» Task directions: Only the lines from the one that contains "Alojamiento - Adaviya Resort" through the last line of the records should appear, each printed exactly as it is.

Short web captions:
====

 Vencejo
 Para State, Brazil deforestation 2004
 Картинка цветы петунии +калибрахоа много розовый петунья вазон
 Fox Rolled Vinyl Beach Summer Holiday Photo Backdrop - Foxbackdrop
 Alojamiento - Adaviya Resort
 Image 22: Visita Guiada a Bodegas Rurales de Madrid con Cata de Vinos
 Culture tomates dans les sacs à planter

====

» Output for this exercise:
 Alojamiento - Adaviya Resort
 Image 22: Visita Guiada a Bodegas Rurales de Madrid con Cata de Vinos
 Culture tomates dans les sacs à planter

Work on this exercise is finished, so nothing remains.